Thursday, July 20, 2017

Patting Myself On The Back

Cost vs. Kryder rate
I started working on economic models of long-term storage six years ago, and quickly discovered the effect shown in this graph. It plots the endowment, the money which, deposited with the data and invested at interest, pays for the data to be stored "forever", as a function of the Kryder rate, the rate at which $/GB drops with time. As the rate slows below about 20%,  the endowment needed rises rapidly. Back in early 2011 it was widely believed that 30-40% Kryder rates were a law of nature, they had been that way for 30 years. Thus, if you could afford to store data for the next few years you could afford to store it forever

2014 cost/byte projection
As it turned out, 2011 was a good time to work on this issue. That October floods in Thailand destroyed 40% of the world's disk manufacturing capacity, and disk prices spiked. Preeti Gupta at UC Santa Cruz reviewed disk pricing in 2014 and we produced this graph. I wrote at the time:
The red lines are projections at the industry roadmap's 20% and a less optimistic 10%. [The graph] shows three things:
  • The slowing started in 2010, before the floods hit Thailand.
  • Disk storage costs in 2014, two and a half years after the floods, were more than 7 times higher than they would have been had Kryder's Law continued at its usual pace from 2010, as shown by the green line.
  • If the industry projections pan out, as shown by the red lines, by 2020 disk costs per byte will be between 130 and 300 times higher than they would have been had Kryder's Law continued.
Backblaze average $/GB
Thanks to Backblaze's admirable transparency, we have 3 years more data. Their blog reports on their view of disk pricing as a bulk purchaser over many years. It is far more detailed than the data Preeti was able to work with. Eyeballing the graph, we see a 2013 price around 5c/GB and a 2017 price around half that. A 10% Kryder rate would have meant a 2017 price of 3.2c/GB, and a 20% rate would have meant 2c/GB, so the out-turn lies between the two red lines on our graph. It is difficult to make predictions, especially about the future. But Preeti and I nailed this one.

This is a big deal. As I've said many times:
Storage will be
Much less free
Than it used to be
The real cost of a commitment to store data for the long term is much greater than most people believe, and there is no realistic prospect of a technological discontinuity that would change this.

Tuesday, July 11, 2017

Is Decentralized Storage Sustainable?

There are many reasons to dislike centralized storage services. They include business risk, as we see in le petit musée des projets Google abandonnés, monoculture vulnerability and rent extraction. There is thus naturally a lot of enthusiasm for decentralized storage systems, such as MaidSafe, DAT and IPFS. In 2013 I wrote about one of their advantages in Moving vs. Copying. Among the enthusiasts is Lambert Heller. Since I posted Blockchain as the Infrastructure for Science, Heller and I have been talking past each other. Heller is talking technology; I have some problems with the technology but they aren't that important.

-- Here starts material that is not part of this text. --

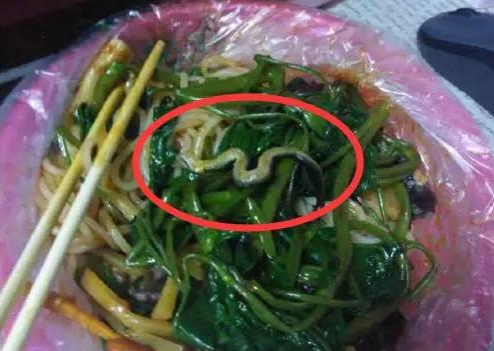 广西大学生螺蛳粉里吃出蛇，涉事粉店已停业 - 靖西市·靖西网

My main problem is an economic one that applies to decentralized storage irrespective of the details of the technology.

Below the fold is an attempt to clarify my argument. It is a re-statement of part of the argument in my 2014 post Economies of Scale in Peer-to-Peer Networks, specifically in the context of decentralized storage networks.

Thursday, July 6, 2017

Archive vs. Ransomware

Archives perennially ask the question "how few copies can we get away with?"
This is a question I've blogged about in 2016 and 2011 and 2010, when I concluded:
  • The number of copies needed cannot be discussed except in the context of a specific threat model.
  • The important threats are not amenable to quantitative modeling.
  • Defense against the important threats requires many more copies than against the simple threats, to allow for the "anonymity of crowds".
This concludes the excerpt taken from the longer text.